Generasi sandwich sendiri mengacu pada generasi usia produktif yang memiliki kewajiban dan tanggungan membiayai hidup tiga generasi yaitu orang tua, diri sendiri, dan anaknya. Pakar ekonomi Universitas Airlangga, Noven Suprayogi mengatakan fenomena generasi sandwich ini merupakan permasalahan yang kompleks. Bukan hanya dari sisi ekonomi, namun juga sisi sosial budaya. Apalagi Indonesia menjunjung erat kekeluargaan dan adat ketimuran yang mana seorang anak memiliki kewajiban membiayai orang tua.
“Banyaknya generasi sandwich juga dikarenakan masyarakat Indonesia terjebak dalam middle income trap atau berpenghasilan menengah.
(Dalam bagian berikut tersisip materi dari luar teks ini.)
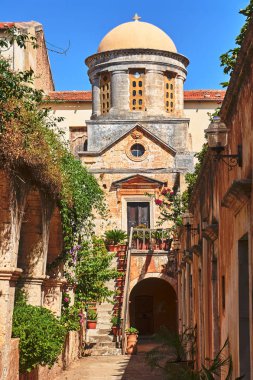 Kutsal trynity Manastırı Girit Adası Yunanistan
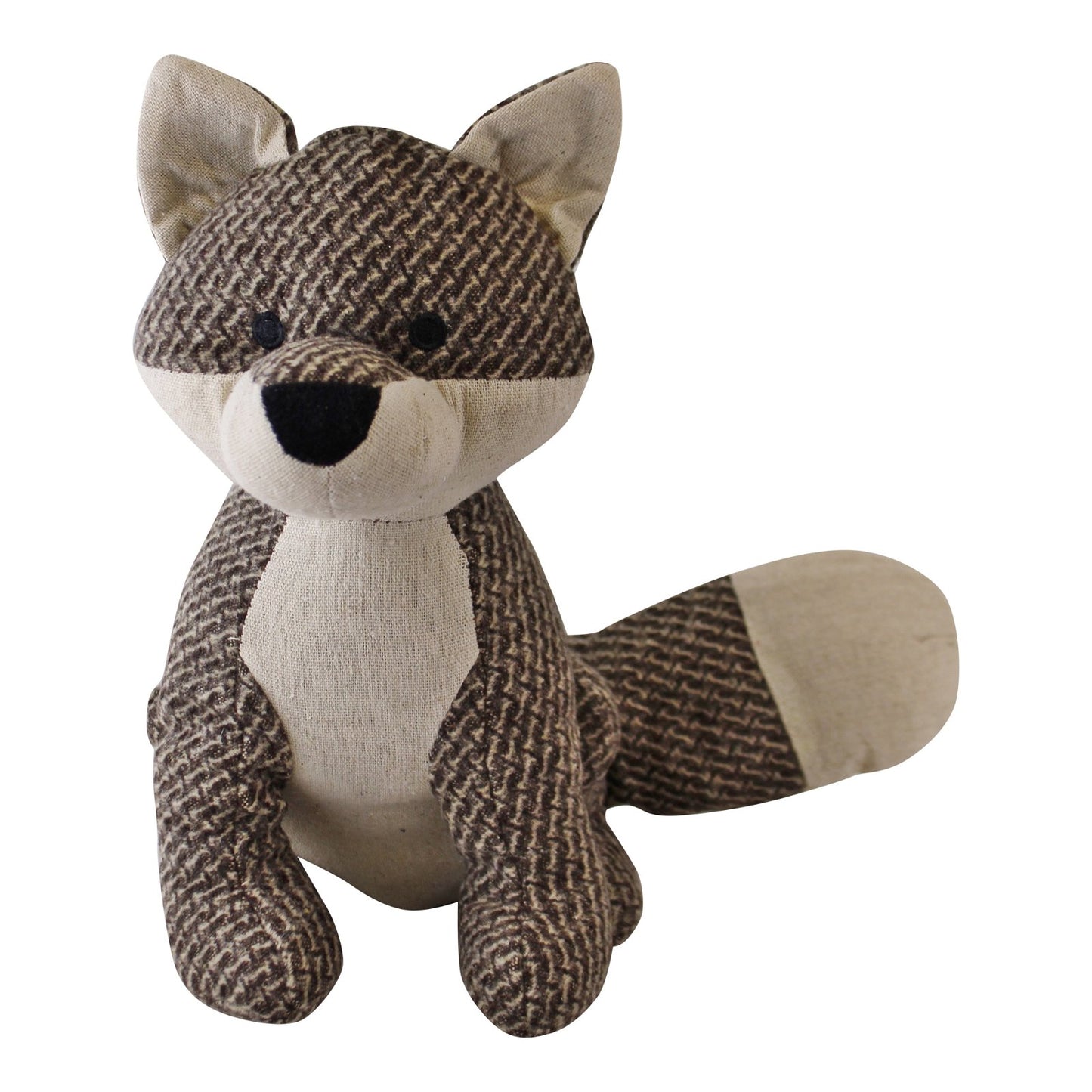 Brown Fabric Fox Doorstop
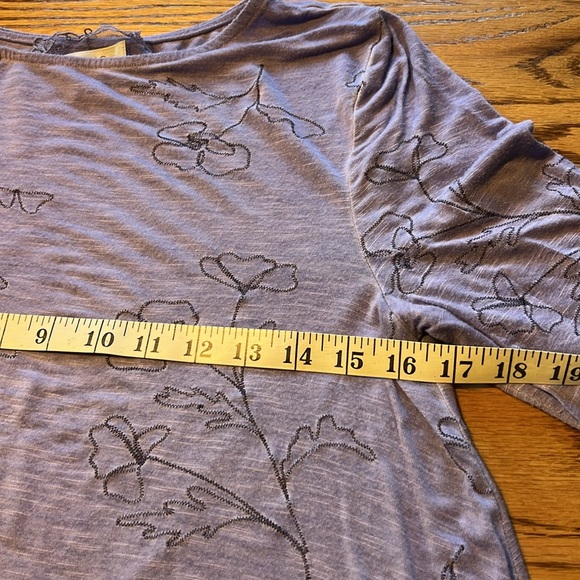 Cupio long sleeve tee.  Medium purple - Picture 3 of 4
Mereka tidak tergolong kaya dan juga tidak tergolong kategori miskin. Biasanya yang menjadi persoalan, apalagi mereka mengalami kesulitan akan berisiko untuk jatuh roda perekonomiannya,” kata Noven dalam keterangan tertulis, dikutip pada Selasa (6/8/2024).
Bagi generasi sandwich, kata dia, terdapat dua faktor penting dalam manajemen finansial. Yaitu perencanaan dan pengalokasian keuangan yang matang. Dalam hal ini, anak muda harus mulai mempersiapkan dana-dana untuk jangka panjang seperti dana pendidikan, dana kesehatan, dan dana pensiun.
“Kedua faktor tersebut harus diperhatikan betul, terutama anak muda yang masih dalam usia produktif. Upaya-upaya tersebut bertujuan untuk menghindari kecenderungan bergantung dengan orang lain di masa usia senja,” jelas dia.
Selain itu, Noven menyarankan anak muda untuk mencoba berinvestasi. Pada era sekarang telah tersedia banyak instrumen-instrumen penyedia jasa investasi untuk para anak muda. Ia menilai, berinvestasi akan lebih efektif untuk anak muda dalam pengelolaan keuangan.
“Sebenarnya, sama halnya dengan menabung. Namun, terkadang anak muda menerapkan menabung itu dengan cara menyisakan. Seharusnya jangan menyisakan, tapi harus ada sekian persen yang memang dialokasikan untuk tabungan,” kata dia.
Ia menambahkan, dalam berinvestasi harus melihat karakteristik dan kemampuan diri sendiri. Pilihlah produk investasi yang terpercaya dan akurat serta terverifikasi oleh Otoritas Jasa Keuangan (OJK) untuk mengelola keuangan. Perhatikan juga konsep segara risiko dalam berinvestasi.
“Dalam menentukan produk investasi harus mengetahui untuk jangka pendek atau panjang serta karakteristik diri. Karakteristik diri ini meliputi apakah berani untuk mengambil risiko yang tinggi atau tidak. Karakteristik ini yang tahu hanya diri sendiri, tinggal kita menyesuaikan produk investasi yang cocok,” ujar Noven.